I ask because depending on how long he will be here online ordering may not be an option due to shipping time. Next is power (for the sub) we ant to recommend something that will support your voltage. Then finally if space is a premium then speaker size becomes more of an issue.


----------



## mohsen.alshokan (Aug 31, 2011)

Thanks Jungle Jack your choices sound fantastic.

rab-byte. 
he will be there for 1 month then he will go back to KSA and for the shipment I think he will ship the stuff by Aramex.


Thanks to all


----------



## mohsen.alshokan (Aug 31, 2011)

JJ are you sure about the prices, I found the Onkyo TX-NR709 for about $900 and your price was $579 .

can you send me the link.


Thanks 
Mohsen


----------



## Jungle Jack (Jul 28, 2009)

Hello,
I provided the Stores where every item I listed is from. Go to Newegg and you will see that price. You have to put the item in the cart to see the Sale Price as Onkyo does not like items being sold below MSRP. However, every price is correct.
Cheers.
JJ


----------



## rab-byte (Feb 1, 2011)

With one month shipping shouldn't be a problem and I'm assuming that means shipping will be via cargo container so that shouldn't be a problem. 

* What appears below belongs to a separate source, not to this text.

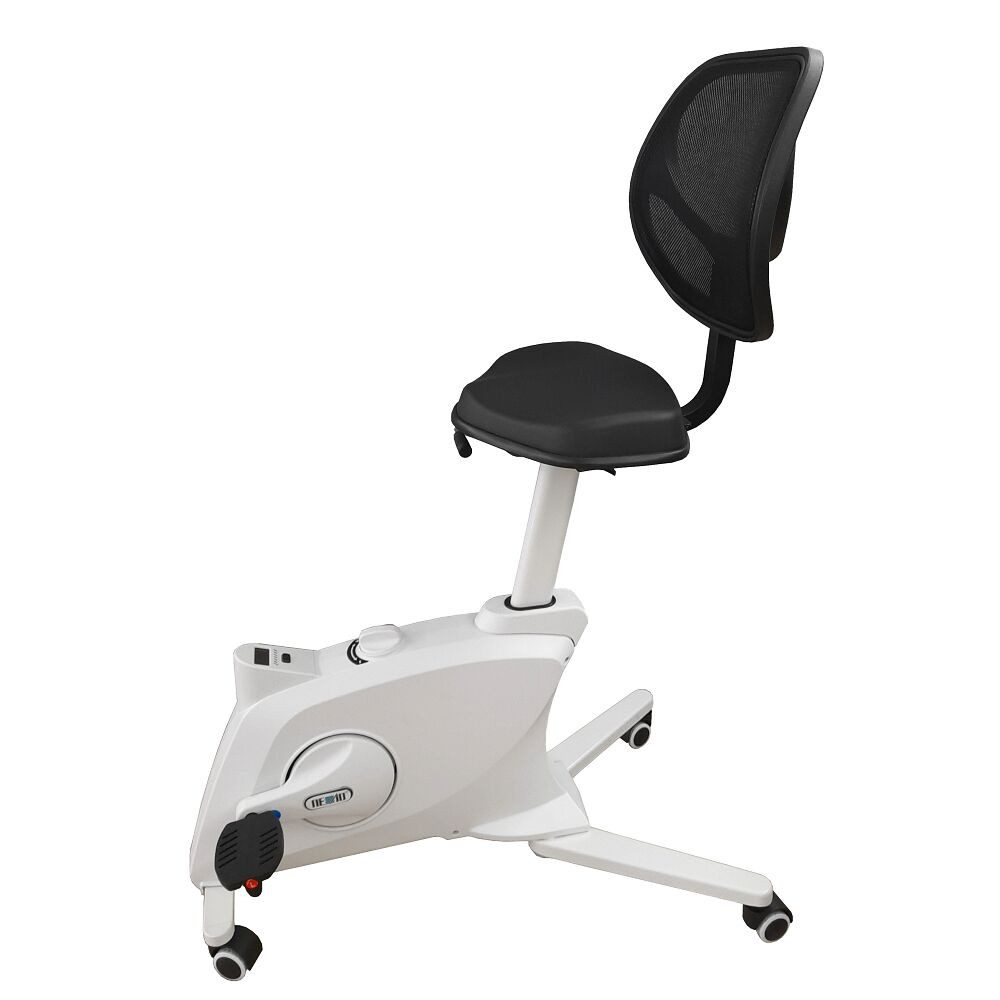 Heimtrainer Schreibtischfahrrad Basic, Einsetzbar im Büro, Homeoffice und in der Schule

JJ is staring you in the right direction for your amp. 

As for speakers, how big is too big?


----------



## mohsen.alshokan (Aug 31, 2011)

Thanks to all of you.


----------



## mohsen.alshokan (Aug 31, 2011)

hi,

its me again with some update on my cousin trip .
after one week in US, he decide to go on extra level on his HT.

he decide that he will invest around $3500.
he is thinking of Onkyo 809 and the speakers are Harman Kardon hkts 60 and he decide to buy the Boxee Box
I need your opinion especially JJ.


----------



## Jungle Jack (Jul 28, 2009)

Hello,
The 809 is an excellent choice. If considering spending that much money, I would urge your Cousin to sell the Harman Kardon Speakers and get something more capable given just how important Speakers are.
Cheers,
JJ


----------



## mohsen.alshokan (Aug 31, 2011)

Thanks JJ.

what about the earlier suggested SVS speakers and MKIV Subwoofer could they go with this receiver.

Mohsen


----------



## mohsen.alshokan (Aug 31, 2011)

the US market is driving my cousin to craziness, he is totally surprised by your prices, models and the warranty those are offered in your country.
your market prices are lower by around $450 than our prices thats in the receivers only think about the rest of the system.


----------



## Jungle Jack (Jul 28, 2009)

mohsen.alshokan said:


> Thanks JJ.
> 
> what about the earlier suggested SVS speakers and MKIV Subwoofer could they go with this receiver.
> 
> Mohsen


Mohsen,
The SVS's and Subwoofer would be absolutely perfect and would be a huge upgrade. And indeed the prices in the States are often far lower than most places. Hopefully, he will be able to take advantage of the savings.
Cheers,
J


----------